A magazine is needed which would conduct traffic, as it were, among these singular figures and alien landscapes, unfilmed before, engines of war and wildernesses too “full of an inner life of their own”. – Serge Daney
This month, the French filmmagazine Trafic celebrates its 120th issue and thirty years of existence. Sadly, it also signals the end of a long cycle, this winter’s edition will be the last. Thirty years ago, Trafic arrived in a time when the world of cinema was in troubled waters. “What can resist?” , asked Serge Daney on its opening pages. “What can withstand the market, the media, fear, cynicism, stupidity, indignity?” It was Daney whose efforts and drive led to the magazine’s inception. He left an inextinguishable mark on the magazine's identity and its future course of action. In his words, Trafic was to be concerned with finding and tracing ways to “live with images” and creating a counterbalance to traditional ways of writing on cinema. Unfortunately, Daney would only live to see very few of the first issues, missing the newly formed magazine's further development. Luckily he was not alone in this endeavour. The magazine’s co-founder Jean-Claude Biette and editorial board, which included Raymond Bellour, Patrice Rollet and Sylvie Pierre Ulmann (later also Jacques Bontemps and Marcos Uzal) took up the work after his death.

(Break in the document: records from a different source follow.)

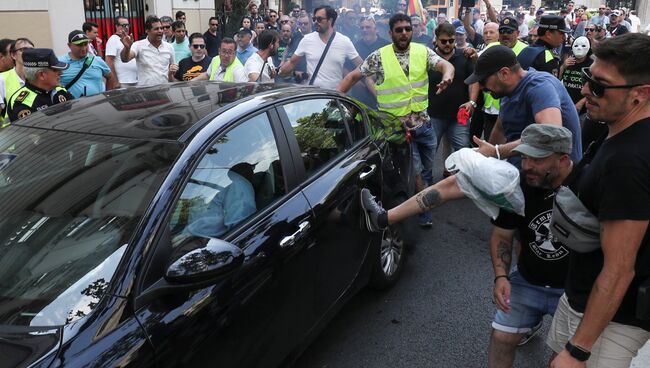 Участник забастовки таксистов в Барселоне пинает автомобиль, работающий с сервисом Uber. 25 июля 2018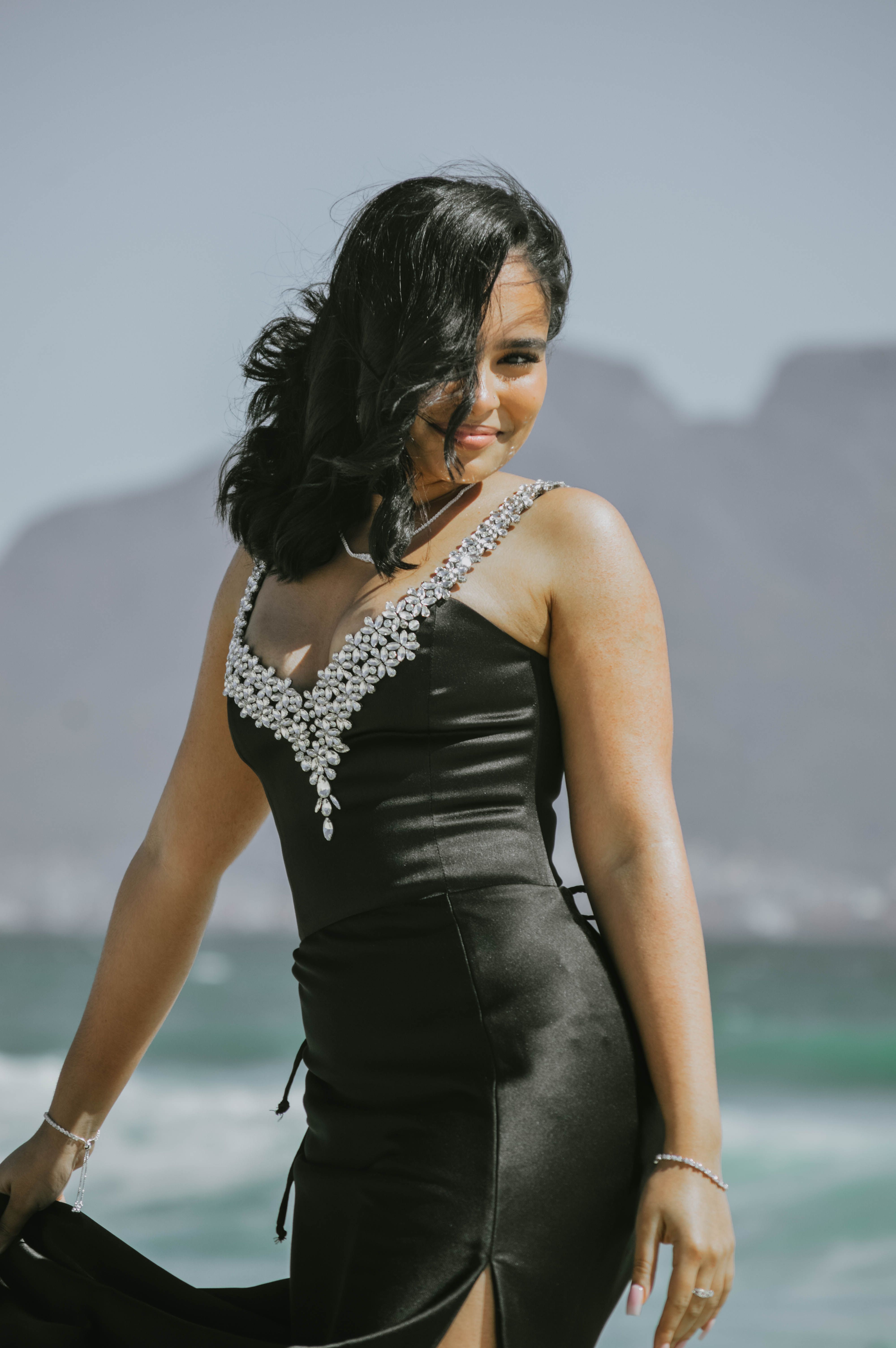 A beautiful woman in a black dress adorned with jewels stands by the ocean, with mountains in the background.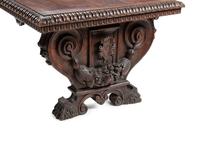 An Italian Renaissance Revival Carved Walnut Refectory Table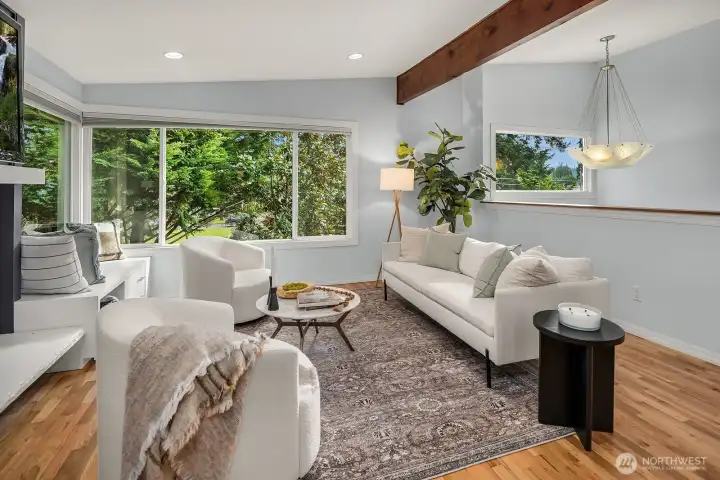 Soaring vaulted ceilings with elegant beam detailing, gleaming hardwood floors, and walls of windows framing lush green views give this living room a bright, airy, and sophisticated feel.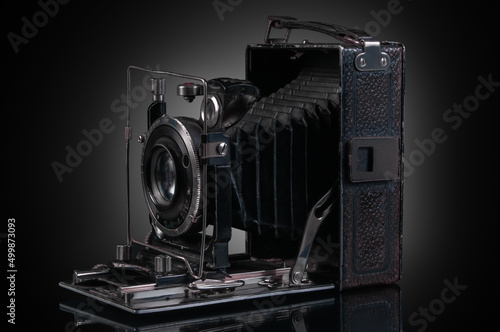 retro folded analog camera on black background with reflection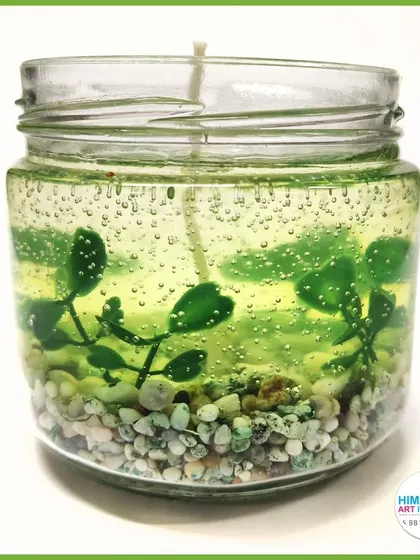 A beautiful gel candle creating an underwater scene with pebbles and faux plants. Learn to create miniature worlds inside your candles.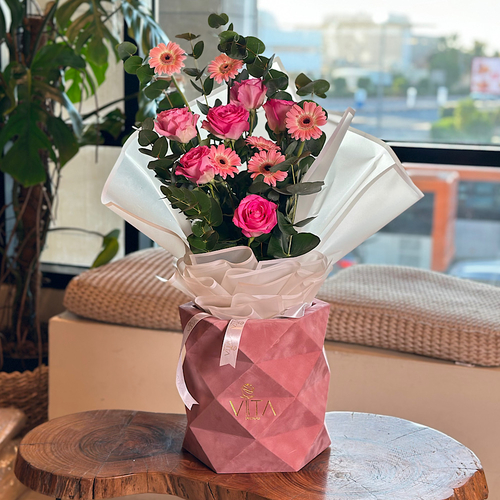 Unless - Pink box contains pink roses , pink grabera green leaves  Height: 70  Width: 40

Over the years numerous critics, filmmakers, philosophers and writers have articulated answers to Daney’s plea for resistance, which is even more pertinent today, each exploring the relation between writing and cinema differently. “In a magazine bereft of images”, wrote Raymond Bellour, “the desire to write” always took precedence. What mattered most was showing the possibility “to think and write images.” A line from a poem by Ezra Pound graces the last issue's front cover, reading: “What thou lovest well remains”. Undoubtedly, Trafic’s presence will endure, even after its official closure.